Process improvement and happy customers

At the beginning of its existence, any business is LEAN. The products or services are flawless, work is carried out efficiently, deliveries are just on time, and there is high employee engagement. We make fast decisions and take care of the customer on time. There is little concern with process improvement as things run smoothly.

The complication comes with growth. We start segmenting markets, hiring more people, adding more software to run the business, growing our supply chains. We face the need to structure the organization, bring in place processes and procedures, implement KPI’s and career paths for our teams. Decision-making slows down as more variables are considered and more managers need to be consulted. We somehow evolve from being small and agile to becoming big and chaotic. We might still be profitable, but we are less productive, efficient and just on time.

At this pivoting point, when customers are not happy and businesses face the need to improve processes, some managers fall shortsighted. Instead of turning to the customer for feedback to improve, most focus on personal opinions, experiences and the trend in turn. The quick automation, outsourcing FTEs, a different income stream, and low marketing and customer service investment become the firefighting solutions.

All those actions will, without a doubt, bring improvements. However, they will not improve your customer service. Besides, when you implement focal remedies, you get local solutions. As soon as you fire-fix one thing, another comes up, even more urgent than the one you solved. And you end up spending more money on process improvement without fully recovering from the initial investment.

The customer point of view

The customer will tell you what exactly they expect from you, what they value in you and what they dislike about you. Then, with that information, you turn to your processes and follow the thread to uncover root causes for problems or opportunities to improve, change, evolve and ultimately be successful.

Businesses always have the temptation to reject this analytical strategy. It requires investing some time and establishing clear priorities. But it is the right way to approach transformation and avoid overspending.

So, start by surveying your market and analysing your processes. The best tool for it is Value-stream mapping. We use the VSM to identify where we generate non-value-added activities that cause delays, defects, and in general, customer complaints. Those non-value added activities are usually called ‘waste’, and business improvement or process streamlining and automation would reduce this waste and increase productivity.

The key is to start drawing one process from the customer’s standpoint backwards to the first step. You are putting yourself in the customer’s shoes and looking at your value generation from another, more objective point of view. Once you’ve drawn the flow, identify at which points of the process flow there are problems; look for the root cause.

What is ‘waste’ in processes?

You do that by examining 7 areas of WASTE. They summarise the type of activities that add NO value to your product or service. On the contrary, these events increase your spending and are the root cause of poor quality, low performance, high costs, and customer complaints.

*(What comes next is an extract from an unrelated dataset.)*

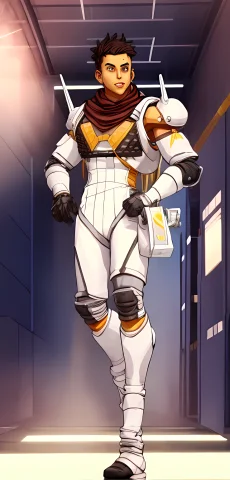 A Male Character Stand On The White Floor, Chemistry Factory... — Stable Diffusion AI Prompt: a male character stand on the white floor, chemistry factory background, 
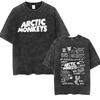 Couple Vintage Washed Oversized Short Sleeve T Shirt Y2k Hip Hop Streetwear Retro Rock Arctic Monkeys Music Album Graphic Tees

So when you aim to improve your business and draw your processes, focus on eliminating or reducing these non-value adding activities.

  • Transportation
  • Inventory
  • Motion
  • Waiting
  • Overproduction
  • Overprocessing
  • Defects

Learn to see

Map your processes and information flows, discover where the waste originated and why. Focus on significant pains. Address those, eliminate or reduce activities that do not add value, cause extra expense or create defects.

Many solutions can make your business leaner, agile, customer-centred, and profitable. They vary from simple ones like Roles and Responsibilities to complete End-to-End process automation. Implement wisely according to what your customers expect from you.